I got a gray on closeout (shop closing) and swapped my Rival from my cross bike onto it. I'd have preferred the black 9-4 but it didn't work out that way, and once I'm sweating on the road, I don't care what it looks like.


----------



## Ranilus (Feb 26, 2010)

Well my lbs has the grey in stock but no blue. I know its silly but if I'm paying 1400 for a bike I want its looks to take my fancy... plus everyone has the charcoal grey so I am thinking to be different...


----------



## mournhart (Feb 13, 2010)

Ranilus said:


> Well my lbs has the grey in stock but no blue. I know its silly but if I'm paying 1400 for a bike I want its looks to take my fancy... plus everyone has the charcoal grey so I am thinking to be different...



Try this link.

http://www.greatlakescycling.com/2009/07/2010-cannondale-caad9-5/

They have a review of the blue caad9-5 in blue with some decent pics. I can take some pics , since I just got the blue 9-5 . Will take and post later when I have a bit more time. For now, check out the link. You will enjoy either though, when you are riding, you can't really see too much of the bike anyway!!


----------



## Ranilus (Feb 26, 2010)

Well see, actually I was just gonna push the bike around and look at it. 

But seriously! If you got the blue one, please upload pictures! And did you see both colors in person? How did they compare?

Also, I just saw the Magnesium White one for the Caad9 6, and love the clean look! Plus it's 20-speed AND $250 cheaper! UGHHH. (I think the white frame would look SWEET with white saddle/handlebar + black mechs like the 105!)

So...to sum up:

Charcoal is kinda muddy/unhappy with too many darker colors

Blue is sort of a classic C'dale color scheme.

White is clean and classy, but too bland. 

I really love the race red and envy the japs for getting that with the 9-5 that includes the 105 crankset!


----------



## mournhart (Feb 13, 2010)

Hahaha, I did a bit of that pushing around with my new bike also. 

I saw both of them. The black one seems cooler, if you prefer the stealth-ish looks, but obviously, you are drawn to the blue one like I did. 

I agree, the blue is a happier color! I was sold on the blue after looking at the pictures on that link with the review from my previous post. If I didn't see that review and only saw the bikes in person, I probably would have picked the black one as I am usually a low key person and prefer not to stand out too much.

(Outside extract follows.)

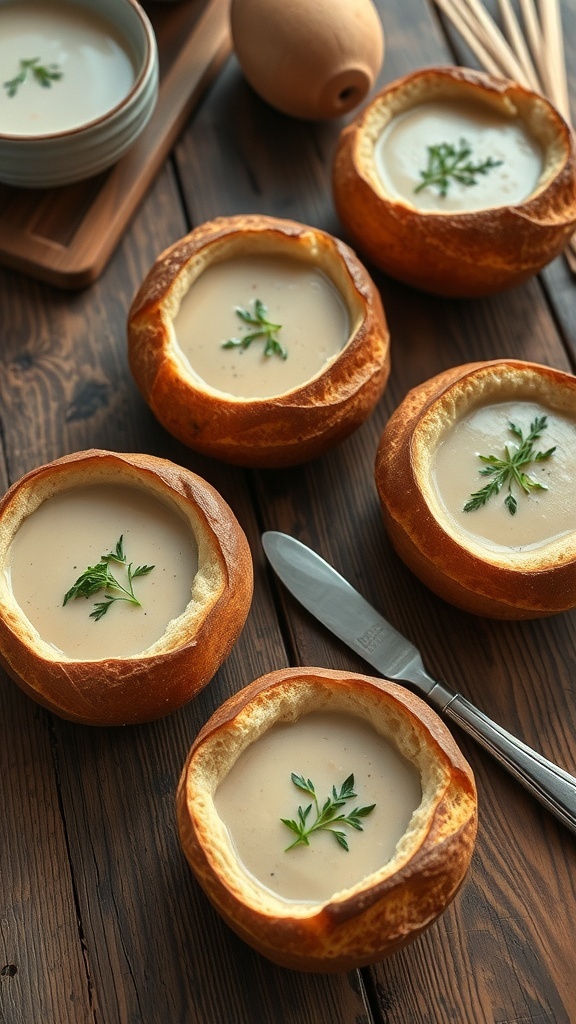 Four sourdough bread bowls filled with soup on a wooden table, garnished with herbs.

It also seems that the blue bike is shinier, or may be it was the bike calling me to pick it, haha. 

If you like, you can get the best of both worlds, since the 9-6 has the blue color also (according the c'dale's website), and you save a bit of money! I am a beginner roadie, so I can't really comment on how much of a difference there is between the group set on the 5 vs. the 6. If you don't think you can tell the difference, may be you can get the 6 in blue instead! Will definitely try to take some pics and post them but that will be in an hour or so, have to take care of some house work first.


----------



## Ranilus (Feb 26, 2010)

I'm a beginner roadie too!

I have no real interest in 105 anyway. I could just ride the Tiagras to the ground then upgrade to Sram or better yet, Campy.. 

But the only problem is that the Caad9 6s come with a lesser fork (alu-carbon) while the 5s and above come with full carbon. Now I don't know if this is going to matter a whole lot or affect the bike's resale value so ...hmm tough choices. 

Anyway, thank you for the replies and I look forward to your awesome photos!


----------



## mournhart (Feb 13, 2010)

Ranilus said:


> I'm a beginner roadie too!
> 
> I have no real interest in 105 anyway. I could just ride the Tiagras to the ground then upgrade to Sram or better yet, Campy..
> 
> ...


Not really sure about the resale value, but if you don't really care for 105, might as well get the 9-6! Go test ride them and see if the ride feels different, as many more experienced members of this forum would suggest!

Here are some pics, I am horrible at taking pics, so you are probably better off with looking at the ones taken on that review of the bike from the link above.


----------



## Ranilus (Feb 26, 2010)

Wow I think those look amazing! 

The color looks much richer/darker than the ones from that website (prolly cuz those were taken in direct sunlight)

Looks totally racy. Throw in some blue tires and you are good to go. (Although it doesn't seem to sparkle/glow in strong light like the charcoal grey one does)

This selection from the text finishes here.